What lines in the records include the string "until"? Return each one.

START MATERIAL SHOWN

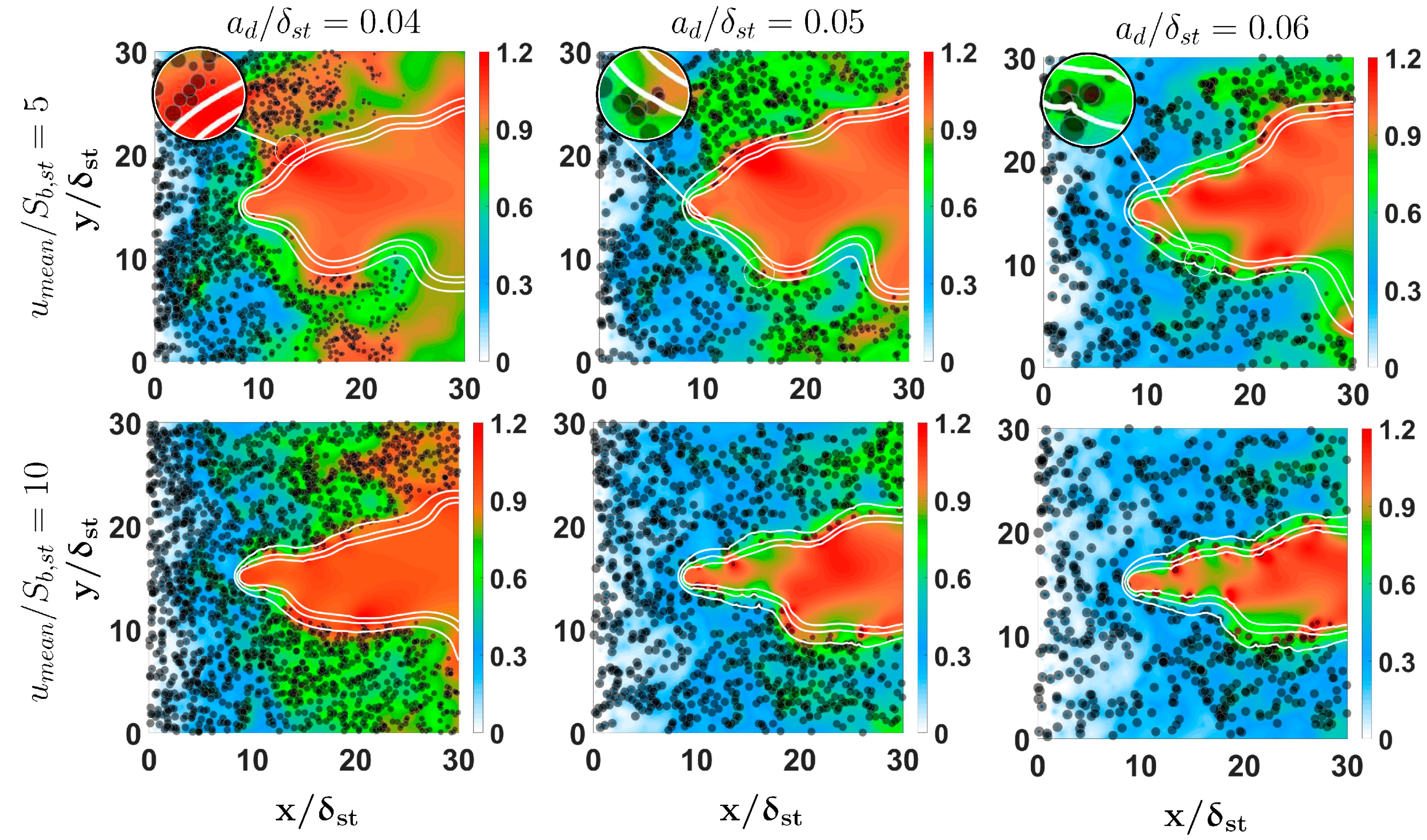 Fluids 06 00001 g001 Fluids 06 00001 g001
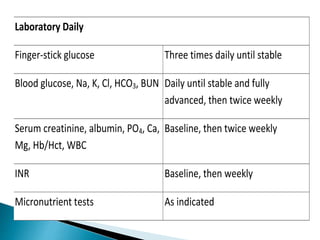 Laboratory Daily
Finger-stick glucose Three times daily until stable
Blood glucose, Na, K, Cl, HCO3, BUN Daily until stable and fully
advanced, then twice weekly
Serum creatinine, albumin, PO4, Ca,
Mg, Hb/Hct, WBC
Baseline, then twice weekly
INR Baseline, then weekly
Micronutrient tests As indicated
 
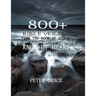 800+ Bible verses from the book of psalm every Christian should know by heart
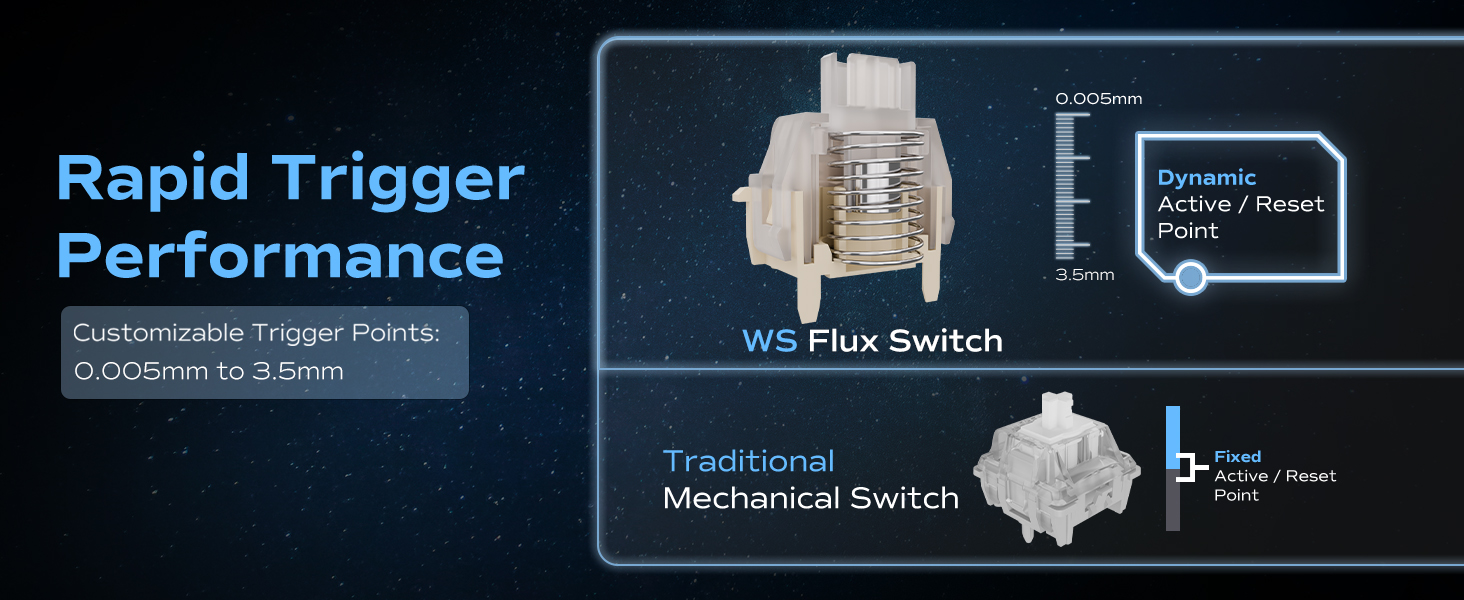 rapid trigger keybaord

END MATERIAL SHOWN

▶ _SOLUTION TO THIS EXERCISE_
Finger-stick glucose Three times daily until stable
Blood glucose, Na, K, Cl, HCO3, BUN Daily until stable and fully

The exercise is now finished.